Kemudian semua kertas terkumpul. Wajah-wajah mereka penasaran. Kantuk dari sisa belajar sebelumnya dengan guru Fikih mereka mulai hilang. Mata mereka membesar. Akupun memilah kertas yang bertulis nilai 94, 92, 90, 88, dan seterusnya. Nilai terendah 83. Namun aku menemukan dua kertas. Satu bertulis tidak ingat dan satu bertulis belum tahu.
"Oke keren. 29 siswa memiliki nilai. Berarti smart. Memiliki empati dan mencintai diri sendiri. Peduli kepada ibu guru. Sedang yang dua lagi nampaknya belum keren karena tak mencintai diri sendiri atau belum peduli akan diri sendiri.
Agar sukses kita harus tau nilai rapor kita Nak. Bahkan boleh protes. Nilaiku kok rendah?
Kulanjutkan dengan nada yang lebih hangat, “Anak-anak, kalian tahu tidak, mengingat nilai itu bukan sekadar mengingat angka di atas kertas.
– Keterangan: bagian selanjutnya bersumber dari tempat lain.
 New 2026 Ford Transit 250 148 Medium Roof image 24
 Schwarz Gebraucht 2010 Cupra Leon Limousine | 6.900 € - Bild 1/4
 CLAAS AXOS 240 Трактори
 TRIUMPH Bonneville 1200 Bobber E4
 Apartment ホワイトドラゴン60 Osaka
Nilai itu cerminan usaha kalian, seberapa jauh kalian memahami, dan seberapa peduli kalian pada hasil belajar bahasa Indonesia.
Nilai yang bagus itu membanggakan, tapi nilai yang kurang juga bukan akhir dari segalanya. Yang penting, kalian tahu di mana posisi kalian dan apa yang harus diperbaiki.”
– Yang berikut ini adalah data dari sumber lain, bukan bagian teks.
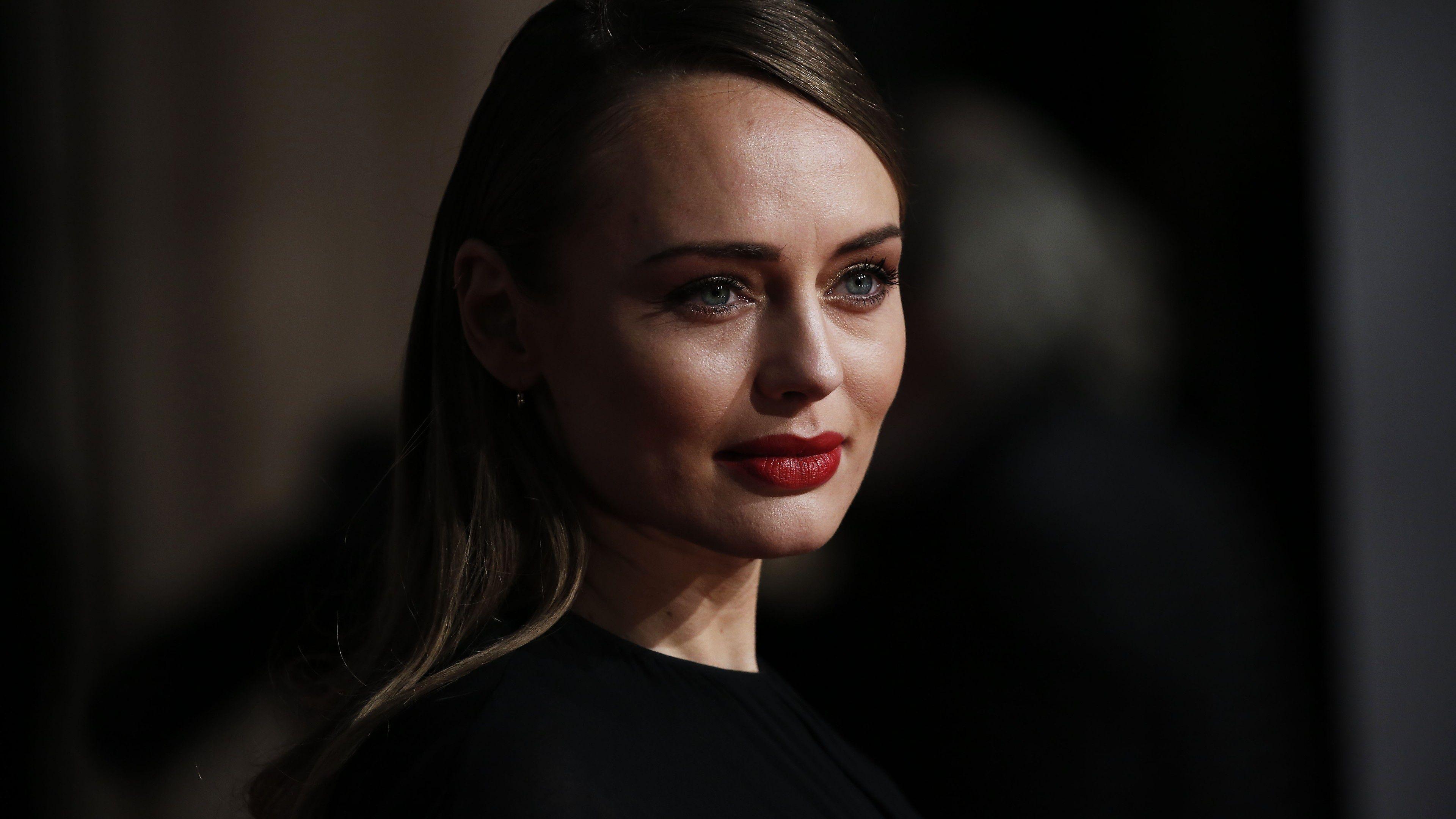 3840x2160 Laura Haddock Wallpaper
Aku melihat ke dua siswa yang tulisannya membuatku berhenti tadi. “Kalian yang menulis ‘tidak ingat’ dan ‘belum tahu,’ ibu tidak marah, kok. Tapi ibu ingin tahu, apa alasan yang sebenarnya membuat kalian menulis itu? Coba renungkan, Nak! Masak nilai rapor sendiri tak hafal? Gimana mau protes atau mengeritik Bu Guru.
Untuk sukses, kita harus tahu nilai rapor kita. Agar kita tahu kekuatan dan kelemahan kita. Bahkan jika merasa ada yang salah, kalian boleh bertanya, ‘Nilai saya kok rendah, Bu?’ Sebab itu adalah langkah pertama untuk mencintai diri sendiri—mengenali diri, lalu memperbaikinya.”
"Bu, saya tak tahu nilai karena belum terima rapor, Bu!"
"Mengapa, Nak?"
"Saya ikut camp tahfizh, Bu."
"Keren. Jawabku. Izin ma wali kelas,Nak?" Lanjutku bertanya. Ia balas mengangguk. Adapun siswa bernama Baim betul lupa berapa nilai rapornya.